Julia often tantrums in public and the triggers are the kind of stimuli that other kids don’t even register: a texture, a noise, too many people, a perceived invasion of her person, or nothing at all that anyone can pinpoint. Think of the last time you tried to calm a child who was having a fit over something you knew couldn’t be changed. Now imagine trying to calm that child when you have no idea in the world what the problem is and she can’t tell you. Now imagine going through that surrounded by strangers who glare, sigh or even offer advice such as spanking. Now imagine going through that most days of the week, sometimes more than once a day.
My sister’s role as a mother is hard. Inconceivably hard. She loves her daughter and Julia means the world to her, but it’s hard. I will never know how Judy manages, especially since she and her husband split up four years ago. Brian has remained present in Julia’s life and is a very active father, but Judy still has Julia 75% of the time. To deal with the stress of raising a special needs child alone, Judy does her best to regularly take time for herself and has put in place the best support system possible. Judy is the only mother I know, let alone single mother, who is so strict about scheduling the movie nights and friends-only lunches she needs. Good. For. Her.
Recently, Judy made a decision about moving to a new location. She is pulling out of sunny but unemployment-saturated San Diego and looking at houses in Texas, near our relatives. Brian is supportive about the idea, but he had one question: wouldn’t it be better for Julia to stay in the excellent special needs program she’s in and loves so much? There is a year left for Julia to work with a particular teacher and then she might change schools anyway. Judy had to agree that Brian was right: it wouldn’t be good to take Julia out of the school she’s in right now. Brian went on to propose that he and Judy reverse their 25/75 custody split, and have him take primary care of Julia next year.

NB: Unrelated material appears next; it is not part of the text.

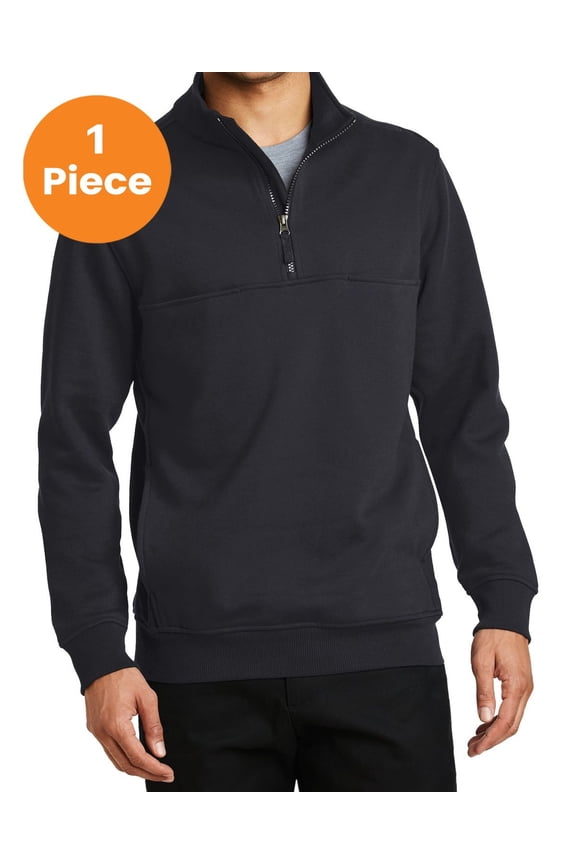 CS626 1/2-Zip Job Shirt, Dark Navy, 3XL, Plus Size Tops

It was a stunning idea. Judy found herself faced with the possibility of spending a significant amount of time away from her young daughter: both a mother’s fantasy and nightmare. She struggled with it, but it would only be for a year and then Julia could join Judy in the new home Judy will be preparing.
My sister impressed me with her bravery in 1990 when she and her husband suffered through the wedding ceremony and plunged into married life, and I have watched with fascination as she has worked to master motherhood with a very high maintenance child. But I have new admiration for her now because this time she’s choosing a challenging path that mainstream views do NOT support: Judy has decided to accept Brian’s plan and give him primary custody of their daughter for the next year while she sets down roots in a new location.
Is that amazing? I was so proud of her when she told me. I just think it’s the coolest thing. This plan counters all the conventional definitions of motherhood. It goes against what we’re taught about how mothers must always stay with their children no matter what, even at the cost of their own lives (in all ways). Such strict notions about motherhood don’t allow for new interpretations of what love looks like or new configurations of parenting and nurturing. Why shouldn’t Brian take primary custody of his daughter? Why shouldn’t Judy have the freedom to shift her life and establish a new home in the most practical way possible?
I just wanted to share my brave sister with you.